Finrep Documentation
By Stefano Leonardi
stefano@dsa.unipr.it
April 1997
fasta
processing added by Steve DiFazio
difazios@ornl.gov
July 2003
This program is called "finrep"
(find repeats). It identifies locations
of any di-
tri- or tetra-nucleotide repeated more than four times
consecutively in a sequence.
The program has compiled in DOS and UNIX (Solaris 2 and
9).
It reads data (sequences) in three formats:
text files in 'finrep' format,
GenBank format, and
FASTA format.
The command will be:
finrep
<datafile>
for a datafile
in finrep format (see below),
finrep
-genbank datafile
for genebank
format datafile.
or
finrep
-fasta datafile
for a fasta
format datafile.
If you want an output file, in DOS or UNIX you can easily
redirect the output
with the following commands:
finrep
datafile > outputfile
or
finrep
-genbank datafile > outputfile.
In one file there can be as many sequences as you want
(up to about
1,000,000 sequences; see below)
Finrep format:
Each sequence should start with a line as follows:
SEQUENCE: "Name_of_the_sequence"
and should end with a line with
two slashes as follows:
//
The sequences itself may contain spaces or numbers for
easy
reference.
Lines beginning with a '#' or a ';' are considered
comments and they
will not be taken into
consideration by the program.
Please take a look at the file test.txt as example.
The GenBank data file is for
sequences obtained from GenBank. The
program needs at least the line
with the word LOCUS and the correct
number of b.p. Then it needs the line with the word
ACCESSION, then a
line with ORIGIN, the sequence
and the final line with "//".
The FASTA format datafile only
need contain the header line marked
with '>', followed by the
sequence with lines less than 256 characters.
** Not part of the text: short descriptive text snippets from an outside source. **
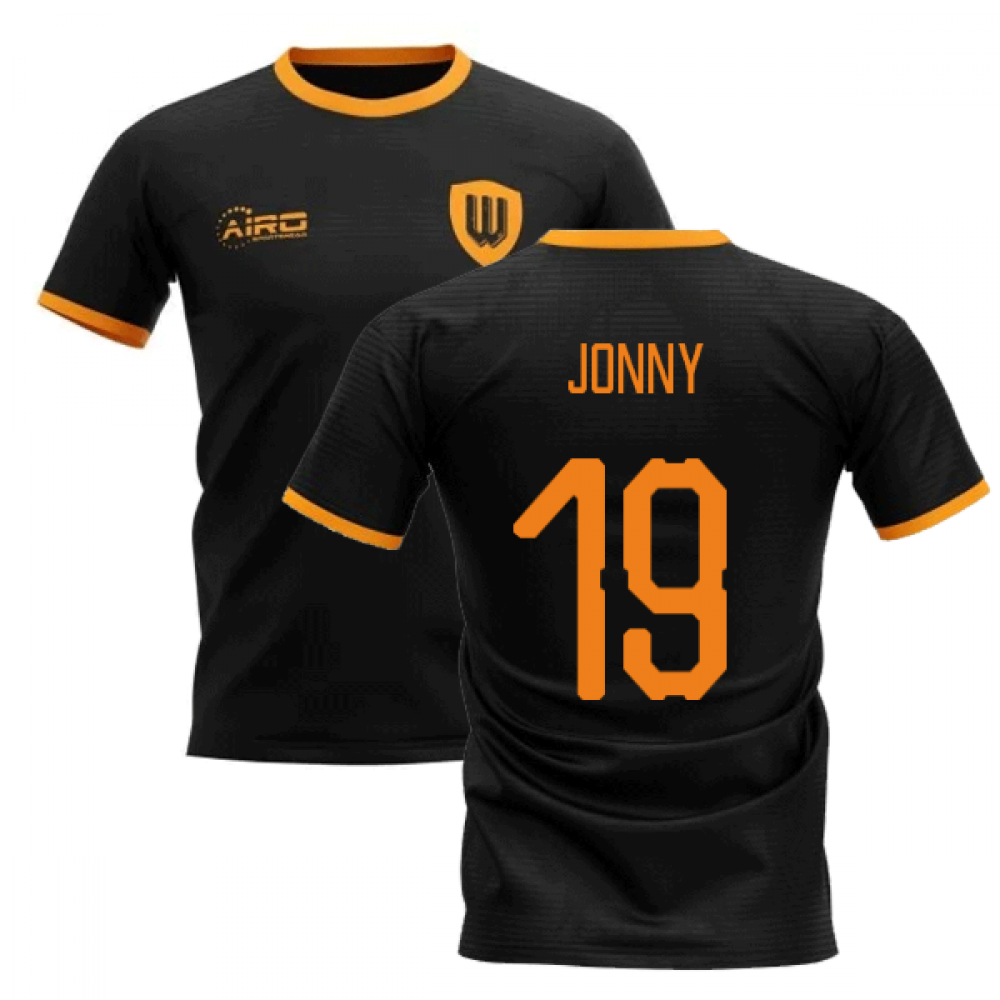Click to view product details and reviews for 2020 2021 Wolverhampton Away Concept Football Shirt Jonny 19. Click to view product details and reviews for 2020 2021 Wolverhampton Away Concept Football Shirt Jonny 19.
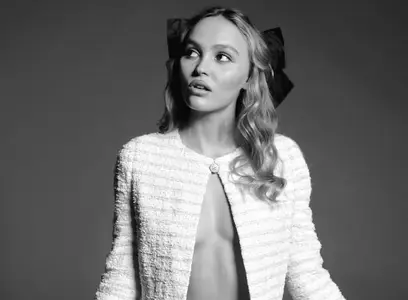 Lily-Rose Depp by Philip Gay for Madame Figaro May 2nd, 2025
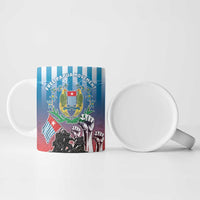 Personalised Free West Papua Ceramic Mug One People One Soul Unique Style - Polynesian Pride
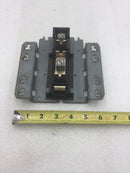 General Electric TX1612R4 4 Space/8 Circuit 100 Amp Load Center Guts Only 6"X6"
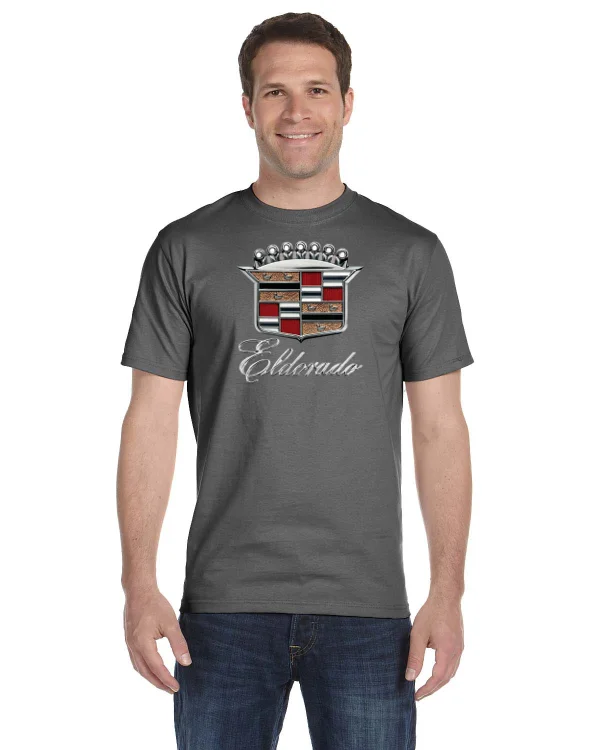 Cotton T-ShirtsCadillac 1960's Eldorado T-Shirt GM Model Collection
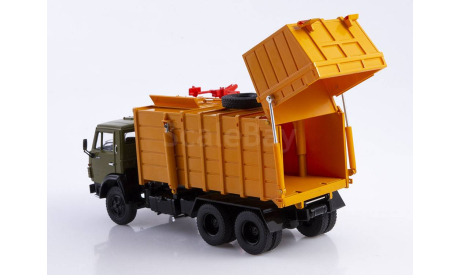 Мусоровоз КО-415А (53213) SSM, масштабная модель, scale43, Start Scale Models (SSM), КамАЗ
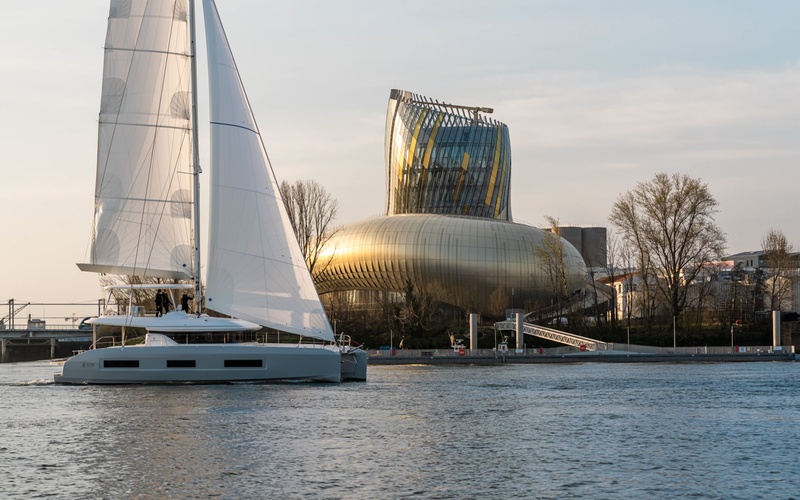 Lagoon 55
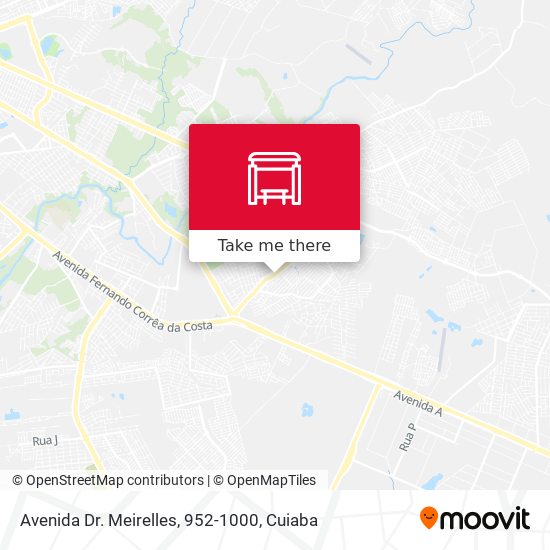 Avenida Dr. Meirelles, 952-1000 map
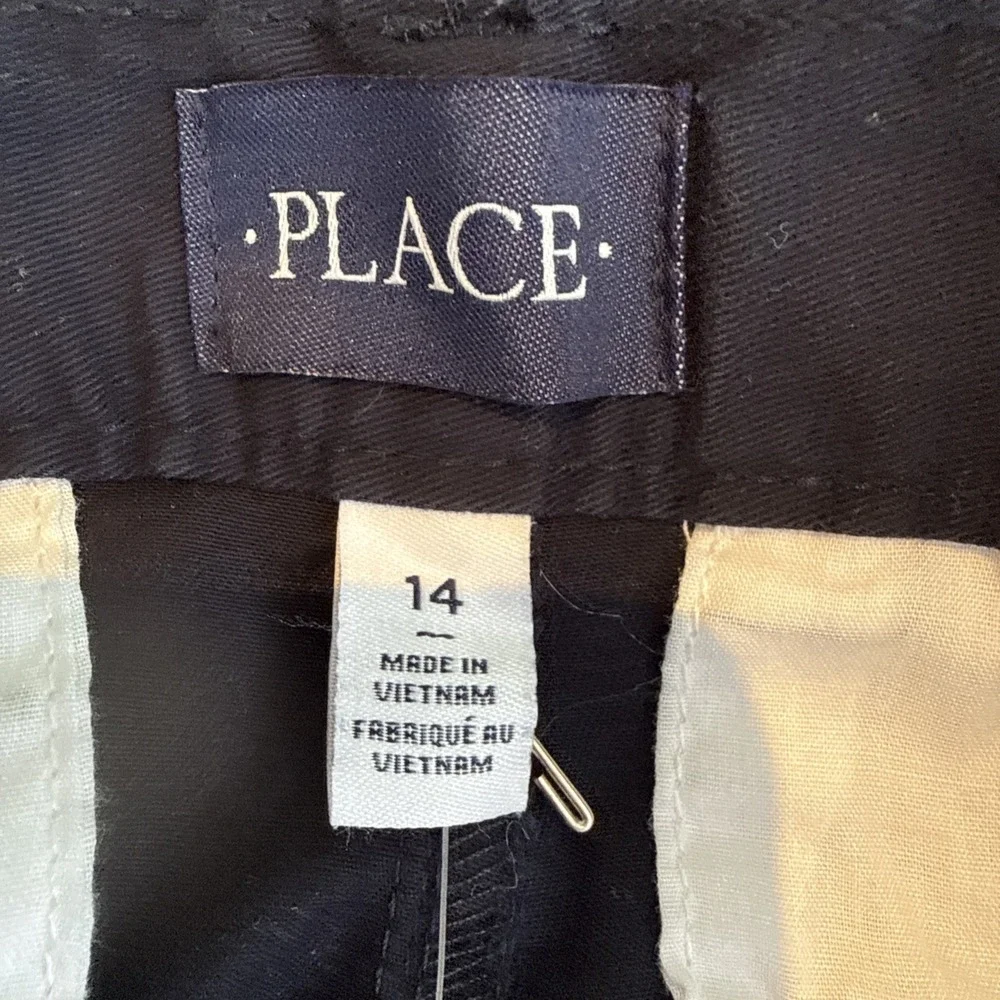 The Children's Place Boys Navy School Uniform,Preppy,Classic,Old Money Shorts 14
The output is very redundant because I wanted to be sure
that
it will pick-up every repeat.
You can select only information
you actually need.
A script for processing the output and eliminating
repetitive results,
finrep_parse.perl, is available
from Steve DiFazio
(difazios@ornl.gov). We highly recommend that you process
the finrep
output with this perl script.
Please let us know if you have any kind of problem with
this program.
BUGS:
Crashes when processing very large
files (> 1,000,000 sequences) in Solaris 9. A script for converting large fasta files to
a number of smaller files
in finrep
format is available from Steve DiFazio.